The silly thing is that I don’t have a strong recollection of it. My most vibrant memory from that tumultuous Fall is from December, as we saw tanks roll through the streets of Bucharest on TV. I saw it on the American Armed Forces Network, to be precise, a night on the base with my friends from Keflavík Naval Air Station, also known to the Icelanders as “the base”. This was during the year I lived in Iceland, and went to school on the AT Mahan High School on NAS Keflavik. Sometimes I would sleep over on the base with some friends, despite being a “neutral” (non-NATO). But I digress…

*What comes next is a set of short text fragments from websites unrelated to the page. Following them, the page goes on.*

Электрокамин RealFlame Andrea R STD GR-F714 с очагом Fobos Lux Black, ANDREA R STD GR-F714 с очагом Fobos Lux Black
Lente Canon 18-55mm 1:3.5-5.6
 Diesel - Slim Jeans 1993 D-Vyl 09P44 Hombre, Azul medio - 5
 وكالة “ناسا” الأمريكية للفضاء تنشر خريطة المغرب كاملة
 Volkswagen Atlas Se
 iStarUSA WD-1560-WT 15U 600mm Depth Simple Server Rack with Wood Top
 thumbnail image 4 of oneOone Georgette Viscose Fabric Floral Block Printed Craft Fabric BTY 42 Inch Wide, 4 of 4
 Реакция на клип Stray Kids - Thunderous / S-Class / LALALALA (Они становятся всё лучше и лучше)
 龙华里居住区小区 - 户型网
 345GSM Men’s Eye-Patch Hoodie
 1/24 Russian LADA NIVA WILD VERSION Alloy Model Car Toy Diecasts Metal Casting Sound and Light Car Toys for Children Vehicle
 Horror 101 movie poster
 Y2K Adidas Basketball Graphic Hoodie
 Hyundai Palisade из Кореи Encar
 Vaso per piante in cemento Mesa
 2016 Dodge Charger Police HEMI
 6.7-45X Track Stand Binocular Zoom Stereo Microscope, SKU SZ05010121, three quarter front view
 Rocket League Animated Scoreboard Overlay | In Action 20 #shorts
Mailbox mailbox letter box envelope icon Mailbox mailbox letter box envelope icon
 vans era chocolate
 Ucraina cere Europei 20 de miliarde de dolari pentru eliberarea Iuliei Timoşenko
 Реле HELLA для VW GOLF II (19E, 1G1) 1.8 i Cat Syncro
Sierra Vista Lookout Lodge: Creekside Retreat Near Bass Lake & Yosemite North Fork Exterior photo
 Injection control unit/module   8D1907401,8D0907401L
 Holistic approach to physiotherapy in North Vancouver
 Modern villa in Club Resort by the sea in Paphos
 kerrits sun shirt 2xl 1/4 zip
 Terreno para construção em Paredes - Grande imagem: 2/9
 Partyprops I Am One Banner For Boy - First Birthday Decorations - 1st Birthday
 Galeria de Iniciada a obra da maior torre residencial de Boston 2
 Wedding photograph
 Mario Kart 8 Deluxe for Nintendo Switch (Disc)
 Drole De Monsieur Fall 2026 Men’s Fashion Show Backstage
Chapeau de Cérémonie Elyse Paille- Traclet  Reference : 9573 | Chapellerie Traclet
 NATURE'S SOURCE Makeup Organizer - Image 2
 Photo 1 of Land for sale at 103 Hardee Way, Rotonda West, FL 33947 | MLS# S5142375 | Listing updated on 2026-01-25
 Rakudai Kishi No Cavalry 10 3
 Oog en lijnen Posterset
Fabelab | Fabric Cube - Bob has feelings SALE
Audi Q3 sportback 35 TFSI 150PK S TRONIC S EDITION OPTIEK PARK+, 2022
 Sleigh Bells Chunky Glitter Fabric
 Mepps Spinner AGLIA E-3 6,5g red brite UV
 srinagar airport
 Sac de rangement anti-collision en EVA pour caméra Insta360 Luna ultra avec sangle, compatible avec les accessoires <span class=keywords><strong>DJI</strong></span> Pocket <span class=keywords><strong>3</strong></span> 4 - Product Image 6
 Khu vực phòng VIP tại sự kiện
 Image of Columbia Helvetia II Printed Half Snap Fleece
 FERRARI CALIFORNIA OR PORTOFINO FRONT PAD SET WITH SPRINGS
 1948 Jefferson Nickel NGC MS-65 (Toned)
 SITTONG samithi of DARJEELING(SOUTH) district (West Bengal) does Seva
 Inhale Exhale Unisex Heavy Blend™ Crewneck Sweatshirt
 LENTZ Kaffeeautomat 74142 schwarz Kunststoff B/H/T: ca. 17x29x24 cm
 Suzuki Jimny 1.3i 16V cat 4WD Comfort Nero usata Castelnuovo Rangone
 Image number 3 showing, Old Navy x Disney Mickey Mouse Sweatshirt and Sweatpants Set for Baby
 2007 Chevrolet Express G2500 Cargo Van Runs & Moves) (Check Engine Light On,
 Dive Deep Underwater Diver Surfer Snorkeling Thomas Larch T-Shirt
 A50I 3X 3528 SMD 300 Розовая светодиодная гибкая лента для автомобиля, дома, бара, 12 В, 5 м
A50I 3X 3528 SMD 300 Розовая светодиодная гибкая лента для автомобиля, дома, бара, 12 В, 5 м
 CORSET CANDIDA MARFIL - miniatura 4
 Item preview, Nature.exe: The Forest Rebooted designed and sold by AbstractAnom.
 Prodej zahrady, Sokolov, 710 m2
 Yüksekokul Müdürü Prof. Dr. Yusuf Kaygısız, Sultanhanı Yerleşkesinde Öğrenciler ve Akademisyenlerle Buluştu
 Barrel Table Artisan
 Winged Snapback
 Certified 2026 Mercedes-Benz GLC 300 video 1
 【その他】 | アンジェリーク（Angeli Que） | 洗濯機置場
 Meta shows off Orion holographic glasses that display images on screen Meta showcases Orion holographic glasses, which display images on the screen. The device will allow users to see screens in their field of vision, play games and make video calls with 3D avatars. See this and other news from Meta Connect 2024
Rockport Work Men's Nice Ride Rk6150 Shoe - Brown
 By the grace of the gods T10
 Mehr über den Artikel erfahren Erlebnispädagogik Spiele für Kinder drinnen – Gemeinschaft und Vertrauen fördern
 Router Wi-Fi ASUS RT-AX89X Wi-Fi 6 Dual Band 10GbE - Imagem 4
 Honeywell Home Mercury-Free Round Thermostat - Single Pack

The impact of the wall coming down was felt much more clearly the next year, when me and some friends drove down to Berlin. The wall was gone, but the space it had left was still there. The trade in East Bloc memorabilia was rampant, and we had several East German military caps and some cool medals with us as we drove home. Indeed, for the next few years, East Bloc and Soviet stuff was all the rage. I actually found the cap when we cleaned out some boxes of old memorabilia the other week, guess it was fate. Or just coincidence.
It feels strange to know that the freshmen in university this year were not even born then. They have no memory of the cold war, and newspaper articles carry sidebars about “this was the DDR”… to the youngsters of today, DDR means dual-data-rate RAM, not the Deutsche Demokratische Republik.
1989 was also the year that I got my first Macintosh. An SE, with a 8 MHz 68000 processor and 2 MB of RAM, and 20 MB of HDD. It is dizzying to compare it with the machine I have at home today, a cheap Core i7 Dell. The processor is probably around 2000 times faster (300x clock, and at least 6x more efficient per clock), the memory is 4000 times bigger, the HDD 30000 times larger. Still, it does not feel as magic as that first Macintosh did… The next year, I got myself an SE/30, with a 16 MHz 68030 and an 68882 math co-processor. Screaming machine at the time, total clunker by today’s standards.
Finally, what other big events have I seen, events that you can peg a date and a memory on? The second biggest one is the killing of Olof Palme on Feb 28, 1986. Then we have “September 11” which was quite a shock. Chernobyl. U137. I have no personal relationship to the other two big recent disasters of Sweden, the Estonia disaster and the Thailand Tsunami, but they could have counted otherwise.
Still, the end of the cold war is a big deal, and the way in which it opened up Europe to what it is today.